Tam 26 yıllık aradan sonra 2021 yılında Süper Lig’e yükselmeyi başaran Adana ekibinin 38 yaşındaki deneyimli orta saha oyuncusu Gökhan İnler, kamp otelinde Misli TV'ye özel açıklamalar gerçekleştirdi.
“GENÇKEN VERDİĞİM EMEKLERİN KARŞILIĞINI ALIYORUM”
*Şu anda 38 yaşında futbol oynamaya devam ediyorsun. Bu performansını neye borçlusun?
Gökhan İnler: Bu yaşta oynamaya devam etmek beni de mutlu ediyor, neden? Çünkü gençken çok emeğim var. Ekstra idmanlar, programlar yapardım. İdman bu sonuçta ama onu performansınla maç sahasında göstermek benim için çok önemliydi. - Birkaç gün önce arkadaşlarımla konuşuyordum. Onlar da söylüyor, "Bu yaşta nasıl devam ediyorsun?" diye... Mesela... İdmanlarda hoca 10 diyorsa ben 10 yapardım, 9-8 yapmazdım. Hocanın minimum istediğini tam yapardım. Koşularda git-geller olur ya istasyon çalışmaları... Ben mesela çizgiye basmadan dönmezdim. Her şeyi tam yapardım. Bazı arkadaşlar 1 metre, yarım metre önceden geri dönerdi. Fakat ben biliyordum bu yarım metre beni bir gün daha ileriye götürecek. Bence küçük yaşlarda yaptıklarımın meyvelerini topluyorum.

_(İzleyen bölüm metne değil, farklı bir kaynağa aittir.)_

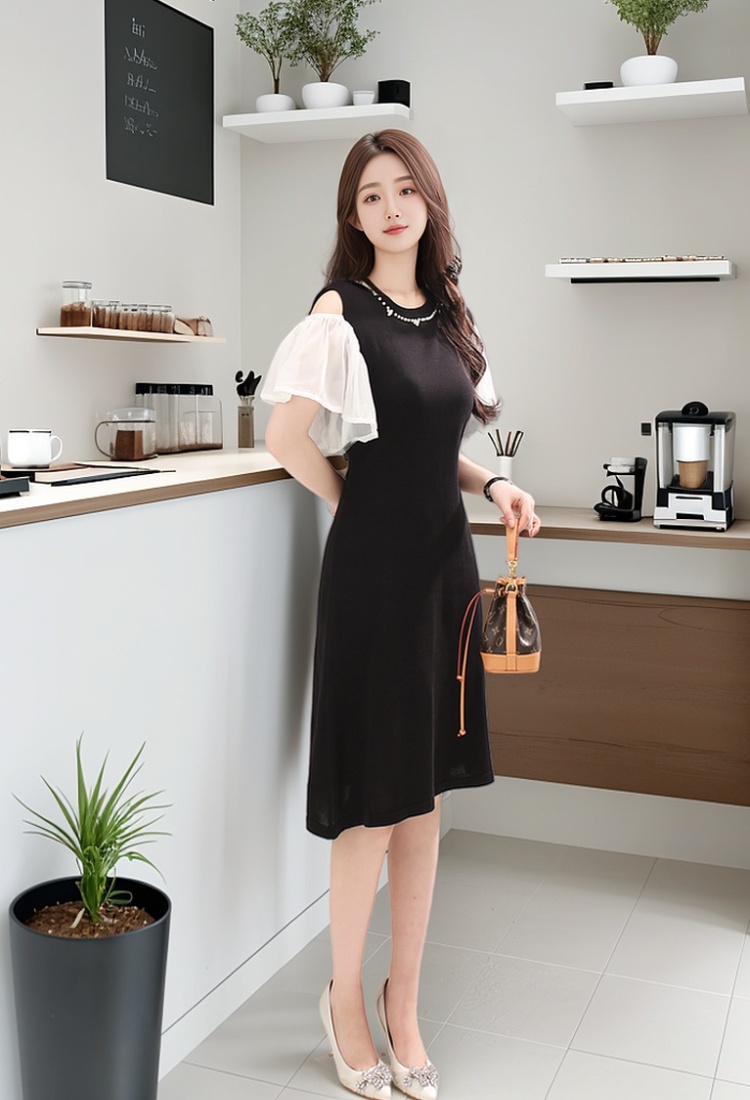 Temperament France style splice summer Hepburn style dress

“ADANA DEMİRSPOR’A %100 KALBİMDEN İSTEYEREK GELDİM”
* Adana Demirspor armasını temsil etmek nasıl bir his? Buradaki hedeflerin neler?
Gökhan İnler: Adana Demirspor'u ben seçtim. Buraya gelmeyi ben istedim. Çünkü biliyorsunuz 2 sene önce 26 yıldır üst lige çıkmamış bir takım... Hep uğraştılar, hep uğraştılar... Kolay bir şey değil TFF 1. Lig'den üste çıkmak... İnişler çıkışlar çok yaşanıyor. Adana Demirspor taraftarı süper! Her maçı yenmek istiyorlar. Tabii ki 26 senedir çıkamamaları ve bunu başarmak istemeleri benim kararımda çok etkili oldu. Kalbimle yüzde 100 buraya geldim ve 1 sene sonra da çıkmayı başardık.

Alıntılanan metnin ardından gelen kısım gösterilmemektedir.